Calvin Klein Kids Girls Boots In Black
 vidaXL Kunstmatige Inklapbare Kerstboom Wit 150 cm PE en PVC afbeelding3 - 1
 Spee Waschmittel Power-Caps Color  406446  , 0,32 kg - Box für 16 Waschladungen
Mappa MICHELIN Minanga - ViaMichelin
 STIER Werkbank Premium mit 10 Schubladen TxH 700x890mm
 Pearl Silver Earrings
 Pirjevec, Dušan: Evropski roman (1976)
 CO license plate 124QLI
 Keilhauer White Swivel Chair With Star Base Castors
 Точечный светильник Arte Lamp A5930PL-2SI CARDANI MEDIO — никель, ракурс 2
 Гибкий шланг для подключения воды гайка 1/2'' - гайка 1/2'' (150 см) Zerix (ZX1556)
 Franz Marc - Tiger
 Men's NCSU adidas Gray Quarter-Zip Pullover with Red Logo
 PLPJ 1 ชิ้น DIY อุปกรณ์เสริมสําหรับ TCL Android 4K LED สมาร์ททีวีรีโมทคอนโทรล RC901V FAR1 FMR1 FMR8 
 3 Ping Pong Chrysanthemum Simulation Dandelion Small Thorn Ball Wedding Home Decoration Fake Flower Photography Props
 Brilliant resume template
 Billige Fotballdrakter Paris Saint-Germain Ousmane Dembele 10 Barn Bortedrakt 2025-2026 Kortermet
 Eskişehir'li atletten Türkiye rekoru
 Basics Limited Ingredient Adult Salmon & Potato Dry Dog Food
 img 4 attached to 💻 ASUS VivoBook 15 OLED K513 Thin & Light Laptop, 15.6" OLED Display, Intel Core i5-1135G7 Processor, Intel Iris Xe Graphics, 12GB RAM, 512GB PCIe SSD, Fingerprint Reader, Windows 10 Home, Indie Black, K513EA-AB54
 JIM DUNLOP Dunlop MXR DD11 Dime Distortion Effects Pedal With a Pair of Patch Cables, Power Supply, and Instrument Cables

^^^^^^^^

» **Exercise brief**
Emit an exact copy of the lines spanning the start of the records to the line containing "Brilliant resume template", inclusive, and no other output.

» **Response to this exercise**
Calvin Klein Kids Girls Boots In Black
 vidaXL Kunstmatige Inklapbare Kerstboom Wit 150 cm PE en PVC afbeelding3 - 1
 Spee Waschmittel Power-Caps Color  406446  , 0,32 kg - Box für 16 Waschladungen
Mappa MICHELIN Minanga - ViaMichelin
 STIER Werkbank Premium mit 10 Schubladen TxH 700x890mm
 Pearl Silver Earrings
 Pirjevec, Dušan: Evropski roman (1976)
 CO license plate 124QLI
 Keilhauer White Swivel Chair With Star Base Castors
 Точечный светильник Arte Lamp A5930PL-2SI CARDANI MEDIO — никель, ракурс 2
 Гибкий шланг для подключения воды гайка 1/2'' - гайка 1/2'' (150 см) Zerix (ZX1556)
 Franz Marc - Tiger
 Men's NCSU adidas Gray Quarter-Zip Pullover with Red Logo
 PLPJ 1 ชิ้น DIY อุปกรณ์เสริมสําหรับ TCL Android 4K LED สมาร์ททีวีรีโมทคอนโทรล RC901V FAR1 FMR1 FMR8 
 3 Ping Pong Chrysanthemum Simulation Dandelion Small Thorn Ball Wedding Home Decoration Fake Flower Photography Props
 Brilliant resume template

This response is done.